De la viande ornaise à la table libyenne

Thierry Guillemot

De la viande ornaise à la table libyenne

Apparemment, la Libye a faim et souhaite reconstituer son cheptel. Est arrivé il y a quelques jours sur le bureau de GWJF (société d'ingénierie dont le siège est à Paris), un appel d'offre impressionnant : 20 000 moutons et 5 000 taurillons en vifs, 500 t de moutons congelés et 3 000 T de boeuf halal.

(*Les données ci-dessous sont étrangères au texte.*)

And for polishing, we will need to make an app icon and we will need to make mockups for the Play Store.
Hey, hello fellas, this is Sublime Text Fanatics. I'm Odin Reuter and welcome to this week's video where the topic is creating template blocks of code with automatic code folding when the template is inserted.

N'étant pas spécialiste de l'agroalimentaire, GWJF s'est tournée vers Nathalie Goulet, une connaissance. La sénatrice ornaise est en effet réputée pour avoir fait de l'agriculture un cheval de bataille. En campagne sénatoriale, Nathalie Goulet affirme ne pas disposer du temps nécessaire pour prendre en main le dossier. Elle a cependant fait abondamment circuler l'information, y compris dans les médias.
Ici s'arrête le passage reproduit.